Trudno zrozumieć wiele działań Google, a ostatnia zapowiedź nowych sprzętów jest tego najlepszym potwierdzeniem. Niemal dwa tygodnie temu przedsiębiorstwo ogłosiło zakończenie rozwoju i wyłączenie serwerów Stadii, by później zapowiedzieć laptopy przeznaczone do rozgrywki w chmurze.
Na początku przyszłego roku Stadia oficjalnie dołączy do wielu niewykorzystanych i spartaczonych inicjatyw Google, lecz ta porażka i rezygnacja z własnych tytułów w streamingu nie zrażają twórców do wspierania tego działu naszej branży.
Google ujawniło trzy nowe Chromebooki, które są „pierwszymi na świecie laptopami stworzonymi do gier w chmurze”. Korporacja współpracowała z trzema partnerami (Acer, ASUS i Lenovo), by zaoferować dostęp do wielu „najnowszych produkcji z najnowocześniejszą grafiką”, a to wszystko przez Cloud Gaming.




„Wszystkie Chromebooki do gier w chmurze zostały niezależnie przetestowane i zweryfikowane przez wiodącą platformę pomiaru wydajności w grach, GameBench, aby konsekwentnie zapewniać płynną, responsywną rozgrywkę przy 120 klatkach na sekundę i opóźnieniach wejściowych klasy konsolowej poniżej 85 ms”.

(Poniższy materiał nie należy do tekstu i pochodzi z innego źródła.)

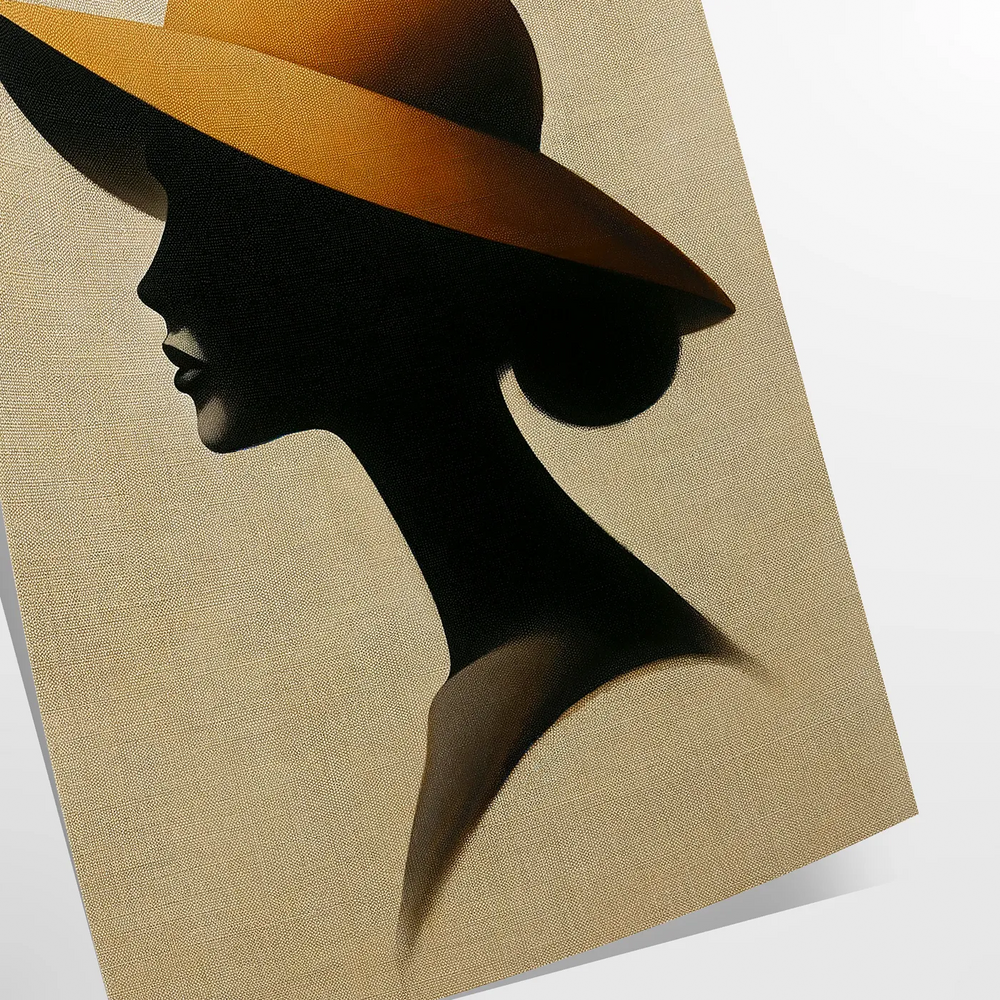 Silhouette of a woman in green and black, minimalist design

Dzięki współpracy z firmą NVIDIA, takie gry jak Fortnite, Cyberpunk 2077 oraz Crysis 3 Remastered zadziałają w rozdzielczości 1600p przy 120 klatkach na sekundę, co pozwoli na maksymalne wykorzystanie pełnego potencjału ekranów.
Google nie zapomniało także o Microsofcie - użytkownicy otrzymają błyskawiczny dostęp do Xbox Cloud Gaming i Xbox Game Pass. Oprócz wykorzystania zainstalowanej aplikacji, produkcje będzie można uruchomić poprzez przeglądarkę.
„Ponadto, nowe Chromebooki do gier w chmurze sprawiają, że gracze mogą łatwiej niż kiedykolwiek znaleźć gry, które kochają i zacząć w nie grać w jednej chwili. Wystarczy dotknąć przycisku Wszystko, znaleźć grę na wybranej platformie, a następnie uruchomić ją. Bez instalacji. Żadnego pobierania. Bez kłopotów”.